When I was in school, I remember to read the book Sophie’s World. During a whole year, Philosophy was part of my thoughts. I remember to be touched by couple of philosophers, but in particular one who said something like: “we shouldn’t never name a river. It’s in constantly change”… If I am not wrong, and excuse me if I am, because see, it has been few years since I read this book, but anyway, if I am not wrong, Heraclitus was the one who said that. But either way, if was really him or not, the point is that I feel the same. I feel that I am in constantly change. Everyday. Its like if I gather a few things and loose a couple of others, I learn and I forget, I born and I bury, but day after day, I am Dea after Dea.

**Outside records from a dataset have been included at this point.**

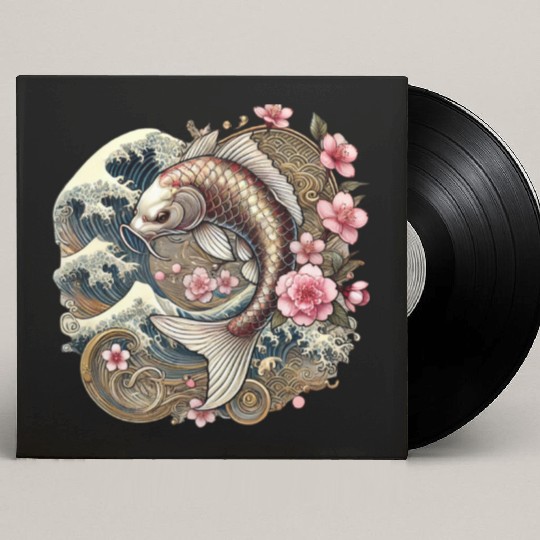 Elegant Koi Fish and Cherry Blossom Design Custom Vinyl Record Sleeves
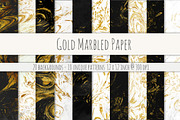 Gold Marbled Digital Paper, a Texture Graphic by Transfuchsian (Thumbnail 1 of 4)
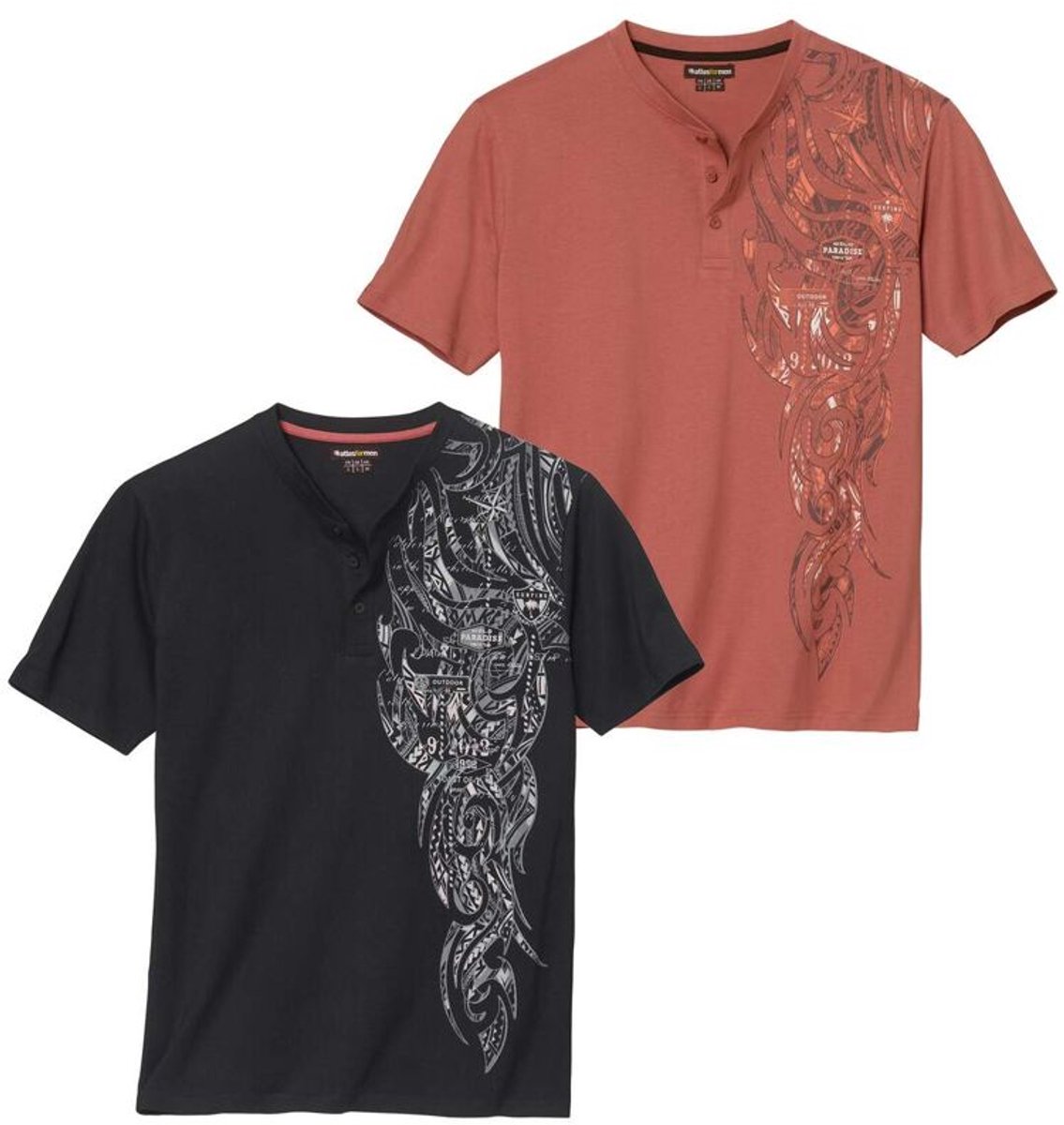 ATLAS FOR MEN - Set van 2 T-shirts met knoopsluiting en Tahitiaanse print - Heren - Verkrijgbaar in grote maten - M
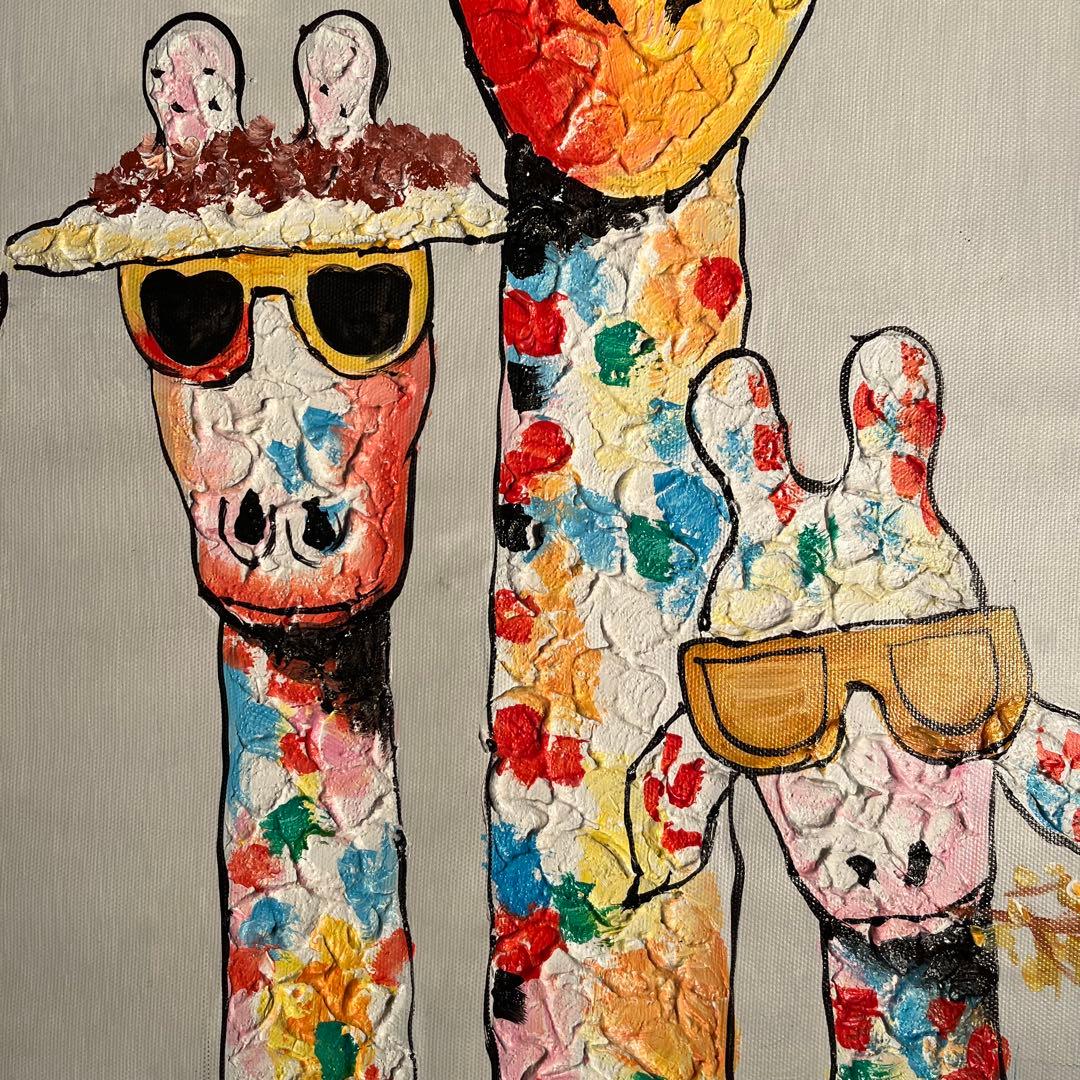 手書き油絵 キリンファミリー 額付 絵画 インテリア 油彩画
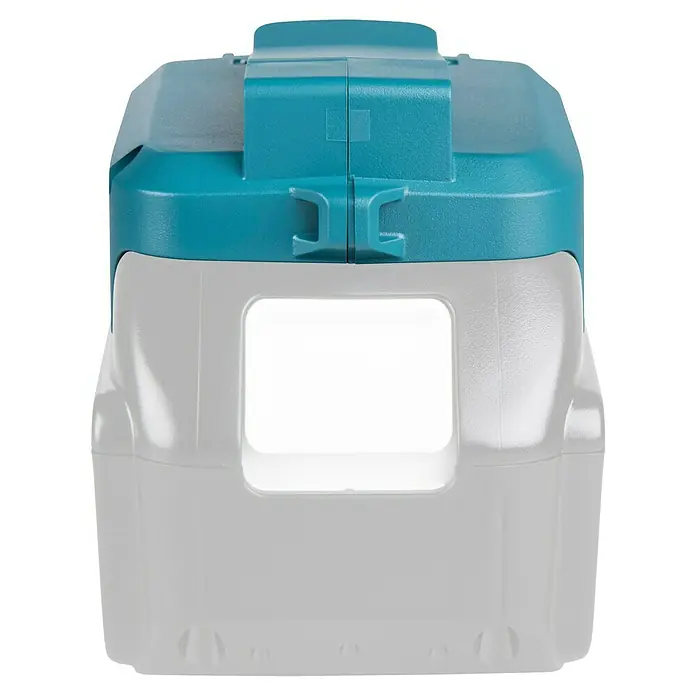 Makita LXT 18V Akku-Adapter DECADP05 - Passend für: Makita Li-Ionen Akkus 14,4 V, Makita Li-Ionen Akkus 18 V - Türkiser und durchscheinend grauer tragbarer Kühler mit weißem Etikettenbereich an der Vorderseite.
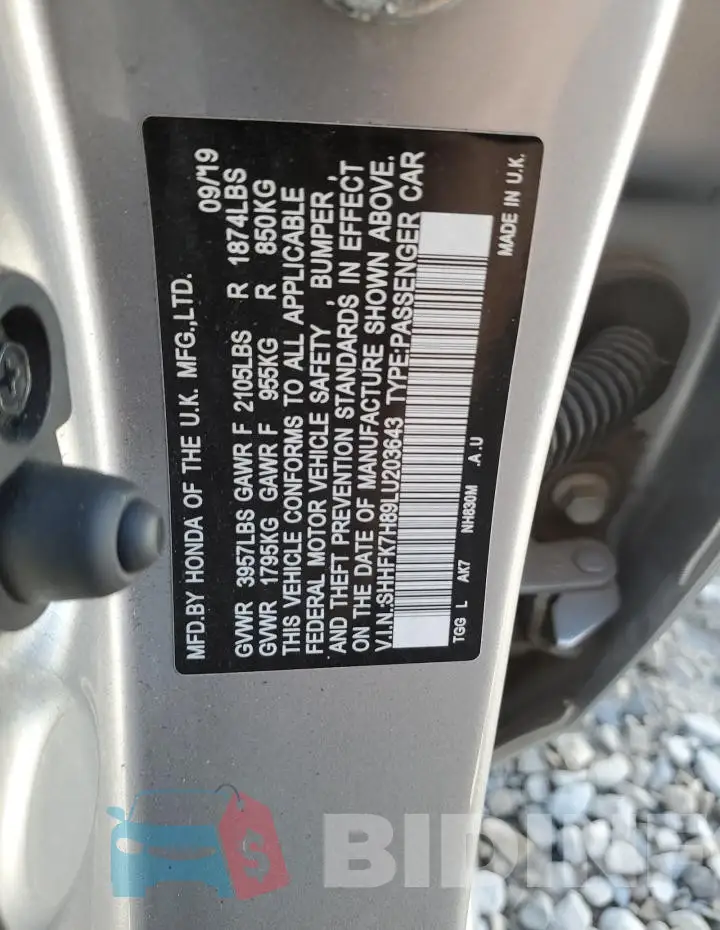 SHHFK7H89LU203643 Photo# 12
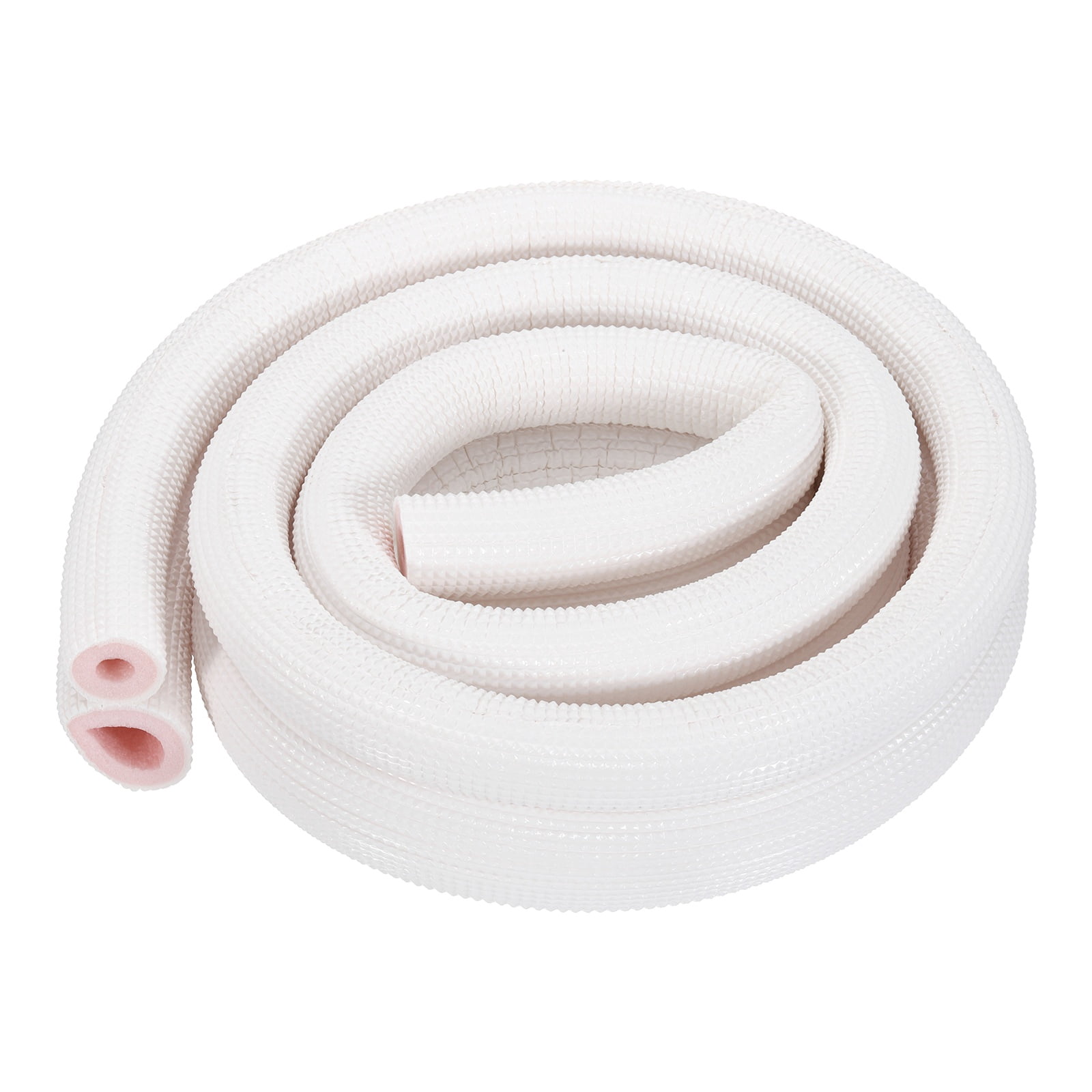 Uxcell HVAC Copper Pipe Insulation Foam Tube, 1/4", 5/8" ID 5ft Heat Preservation Insulated Tubing for Air Conditioning Mini Split Copper Line Set Water Pipes, White/Pink
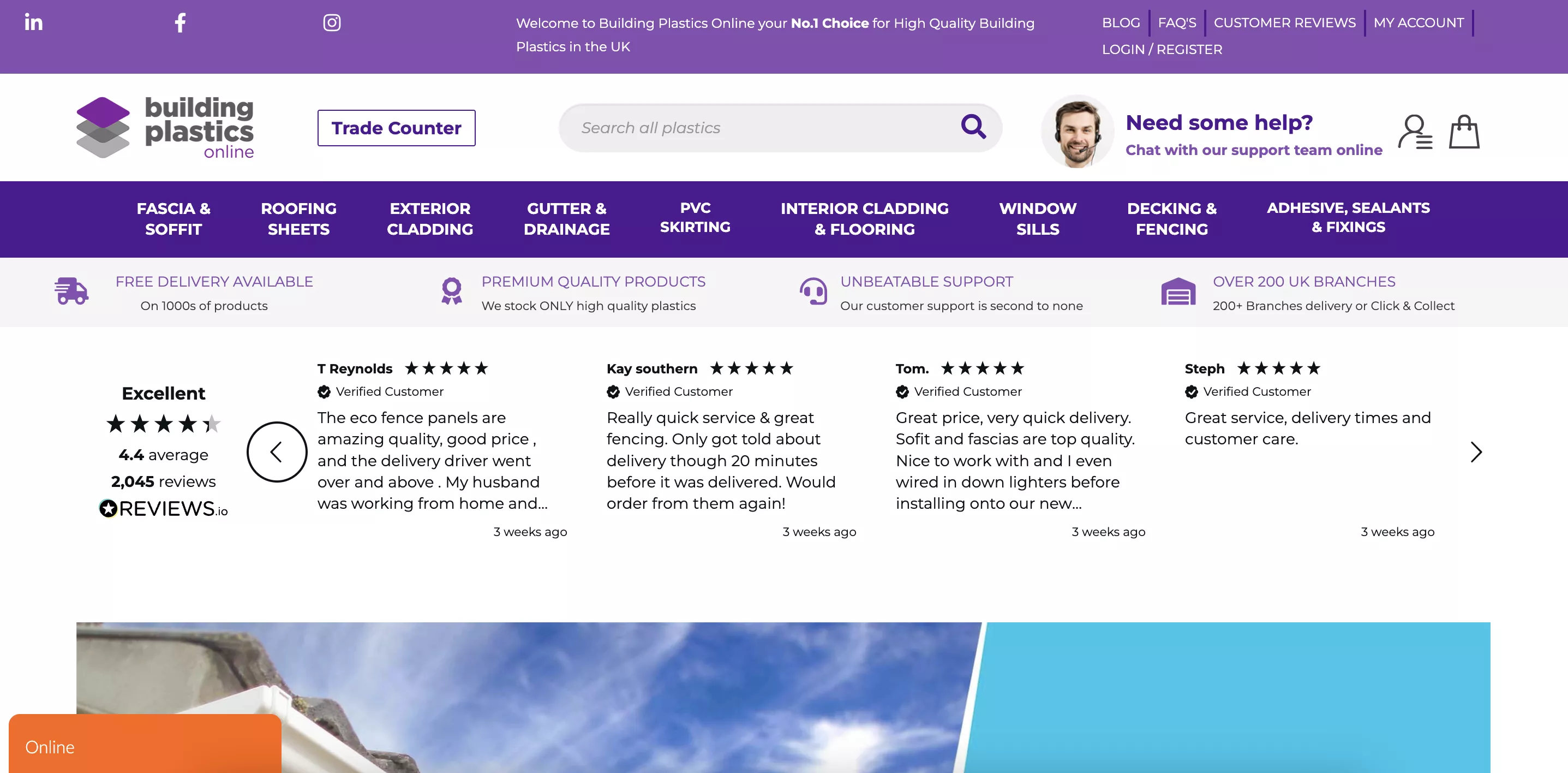 screenshot of Building Plastics Online homepage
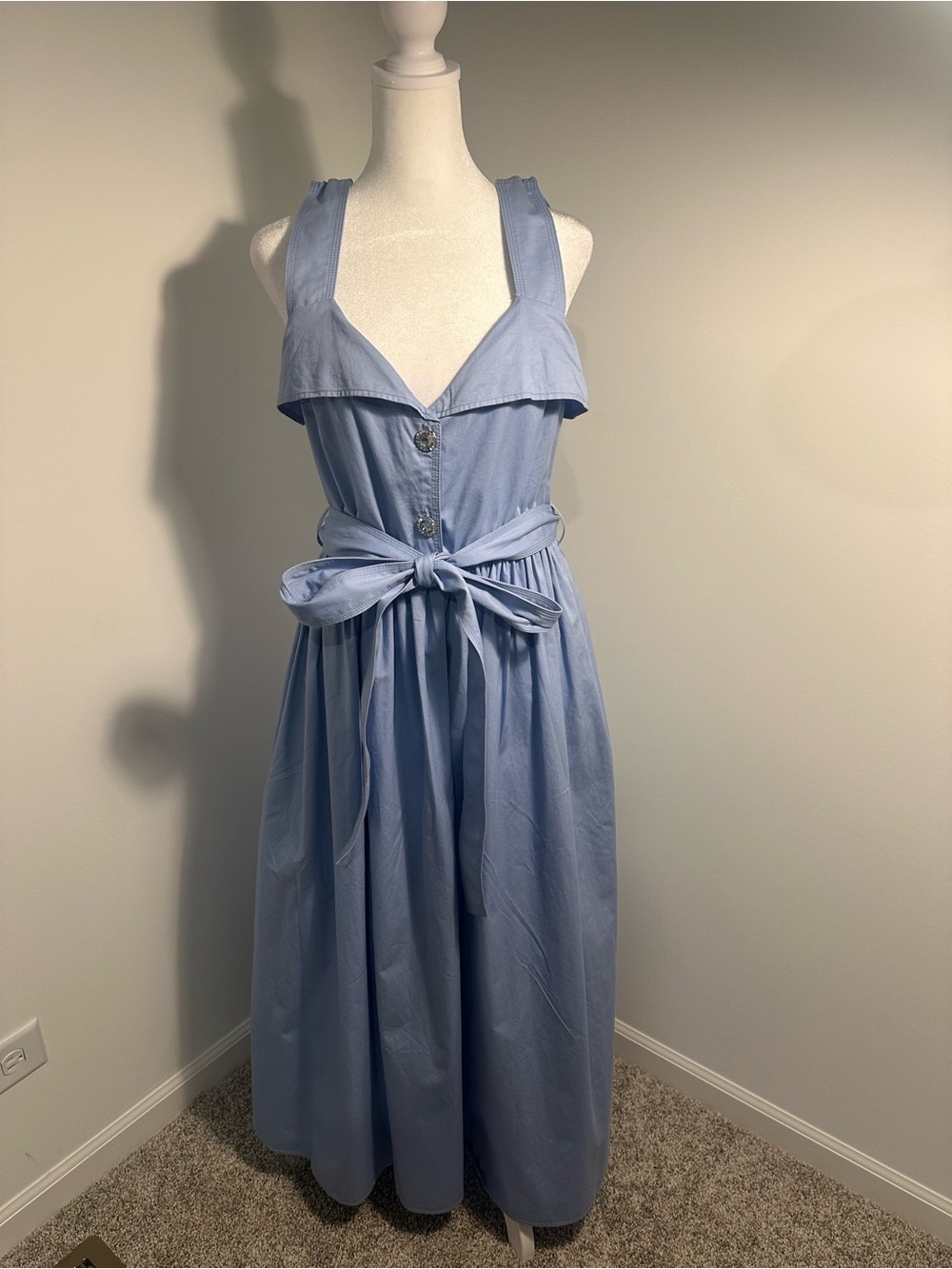 STINE GOYA Powder Blue Tie-Waist Maxi Dress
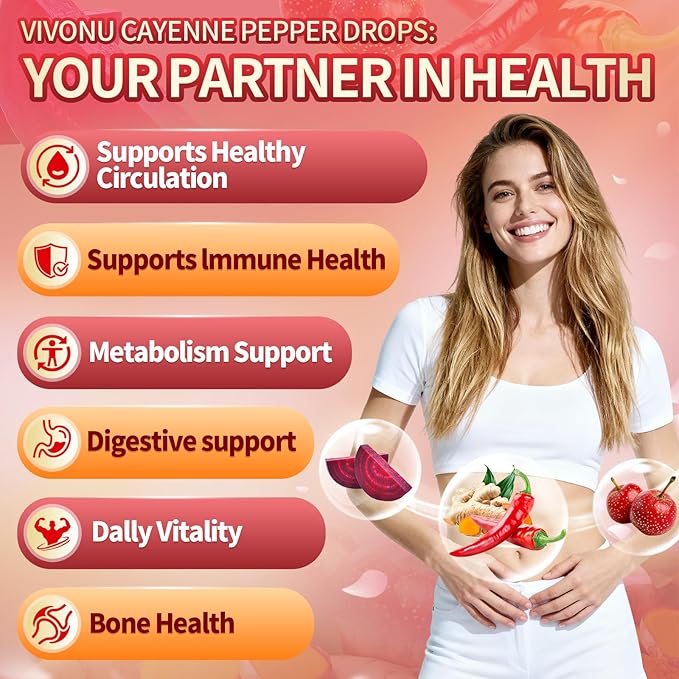 12 IN 1 Cayenne Pepper Drops Supplement, Liposomal Tech 98% Absorption, Supports* Leg Vein, Heart & Blood Vessel* Health, with Vitamin E D3+K2 & Extracts of Grape Seed, Hawthorn, Beetroot, Berberine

And here I am. So many things had happened in the past years, many people crossed my way, many stories to tell, few others to learn from but forget about it, but I am the person who I could became after all this. After all the shit that had happened, all the pleasure, all the happiness and all the sadness, here I am, Dea, and let me tell you, I am damn proud of who I had become.
Being proud it doesn’t mean that I am blind. I know I am not perfect. And I do want to learn and improve a lot in the next days that will come, and I have started this blog with this idea of keep a record of my changes, of my learning, of my improvement, through my mistakes and my mess, but proving the point that, day after day, I will be Dea after Dea.